During the LOMGRAV survey in spring 2009, the external field variations were rather quiet: Kp was not exceeding 4, the mean Kp was 1 (Ap = 4.4). The distance between the base station and the aircraft was up to 800 km and more, and external field variations of the field strength at Alert were between 20 nT and 120 nT in the course of one day, with typical values around 50 nT. The picture of magnetic anomalies in the reduced data in Fig. 1(a) is coherent and similar to the levelled and gridded data in Fig. 2(a). Also the small offsets between overlapping tie-line sections and the cross-over differences in Fig. 1(b) indicate that the applied reduction is reasonable.
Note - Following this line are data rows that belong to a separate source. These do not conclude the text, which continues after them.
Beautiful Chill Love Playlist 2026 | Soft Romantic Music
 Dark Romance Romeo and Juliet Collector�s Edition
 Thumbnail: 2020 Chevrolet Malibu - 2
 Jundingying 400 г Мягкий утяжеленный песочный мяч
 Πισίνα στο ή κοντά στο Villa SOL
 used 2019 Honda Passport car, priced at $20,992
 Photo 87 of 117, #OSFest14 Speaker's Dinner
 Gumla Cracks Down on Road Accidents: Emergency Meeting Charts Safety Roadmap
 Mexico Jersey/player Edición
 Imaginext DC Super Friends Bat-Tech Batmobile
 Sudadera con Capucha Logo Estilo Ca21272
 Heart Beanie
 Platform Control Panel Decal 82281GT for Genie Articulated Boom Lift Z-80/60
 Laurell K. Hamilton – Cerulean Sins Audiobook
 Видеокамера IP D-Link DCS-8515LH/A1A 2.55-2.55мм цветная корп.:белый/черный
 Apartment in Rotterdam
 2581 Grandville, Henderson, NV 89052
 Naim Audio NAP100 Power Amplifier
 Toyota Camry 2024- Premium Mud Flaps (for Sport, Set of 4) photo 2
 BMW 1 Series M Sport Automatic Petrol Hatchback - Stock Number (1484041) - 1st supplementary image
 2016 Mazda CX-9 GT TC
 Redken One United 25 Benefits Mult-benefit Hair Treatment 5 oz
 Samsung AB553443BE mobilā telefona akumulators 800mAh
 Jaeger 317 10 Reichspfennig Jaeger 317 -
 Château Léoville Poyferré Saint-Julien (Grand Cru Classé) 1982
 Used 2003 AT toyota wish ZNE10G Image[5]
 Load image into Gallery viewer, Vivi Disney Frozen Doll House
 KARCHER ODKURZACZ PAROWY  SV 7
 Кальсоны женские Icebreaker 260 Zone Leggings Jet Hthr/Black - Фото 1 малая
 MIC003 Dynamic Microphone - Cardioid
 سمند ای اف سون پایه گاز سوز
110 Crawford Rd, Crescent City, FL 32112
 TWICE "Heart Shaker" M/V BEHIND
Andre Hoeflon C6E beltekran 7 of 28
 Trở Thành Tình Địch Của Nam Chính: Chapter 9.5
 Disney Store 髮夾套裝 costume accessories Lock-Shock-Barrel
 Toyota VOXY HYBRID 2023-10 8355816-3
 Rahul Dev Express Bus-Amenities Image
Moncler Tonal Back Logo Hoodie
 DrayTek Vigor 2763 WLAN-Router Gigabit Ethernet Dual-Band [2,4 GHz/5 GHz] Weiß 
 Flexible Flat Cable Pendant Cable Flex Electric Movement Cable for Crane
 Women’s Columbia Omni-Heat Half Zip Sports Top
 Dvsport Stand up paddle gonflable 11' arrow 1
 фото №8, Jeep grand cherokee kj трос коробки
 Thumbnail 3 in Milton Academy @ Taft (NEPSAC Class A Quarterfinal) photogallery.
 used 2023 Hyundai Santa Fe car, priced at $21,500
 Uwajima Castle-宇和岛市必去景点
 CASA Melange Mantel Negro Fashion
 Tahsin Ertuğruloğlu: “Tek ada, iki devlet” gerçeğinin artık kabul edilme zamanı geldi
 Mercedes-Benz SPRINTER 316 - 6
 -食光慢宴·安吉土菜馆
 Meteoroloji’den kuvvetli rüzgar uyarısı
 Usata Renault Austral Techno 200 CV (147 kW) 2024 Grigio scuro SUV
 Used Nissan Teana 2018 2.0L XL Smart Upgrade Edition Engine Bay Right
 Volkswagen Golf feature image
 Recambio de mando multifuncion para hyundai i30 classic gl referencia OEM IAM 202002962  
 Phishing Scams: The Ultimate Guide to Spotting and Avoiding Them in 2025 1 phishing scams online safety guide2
However, no quantitative comparison to other possible reduction procedures has been made yet. Despite some complex flight paths, artifacts during gridding are avoided by an adaptive levelling procedure, as can be seen in Fig. 2(a), where the LOMGRAV survey upward continued grid is shown. This final grid can readily be compared to the EMAG2 grid (Maus et al., 2009), since both grids are at similar altitude (EMAG2 is at 4000 m, the LOMGRAV grid at about 4100m)and were reduced using a main field model up to n = 15. Subtracting the LOMGRAV grid from the EMAG2 grid and detrending the difference grid by a degree 1 polynomial yields the difference shown in Fig. 2(b). In general, there is a good agreement between EMAG2 and our survey, but systematic deviations occur, e.g. in the area marked by an ellipse at around 84°N, 81°W (Fig. 2(a, b)). Figure 2(c) shows the detrended grid difference (cyan) along a LOMGRAV traverse line (location indicated as black line in Fig. 2(b)) and the survey data ΔFsurvey after levelling (red). The minimum in the survey data at line position X ≈ 1340 km confirms that the systematic deviation between the EMAG2 grid and the LOMGRAV grid around 84°N and 81°W (marked by a white ellipse) is not an artefact from gridding. Along the whole traverse line, the LOMGRAV grid (purple in Fig. 2(c)) shows more detail and higher resolution than the EMAG2 grid (green) from the same (or slightly lower) altitude. An obvious example is between X = 1760 km and X = 1800 km, where the LOMGRAV grid clearly displays two well separated maxima.
The above examples show that the LOMGRAV magnetic grid contains geological information that is not contained in EMAG2, both for larger areas with systematic deviations between the two grids, but also an increased spatial resolution, at least in the direction along its traverse lines. A detailed investigation of this difference, and a possible geological interpretation, is beyond the scope of this note.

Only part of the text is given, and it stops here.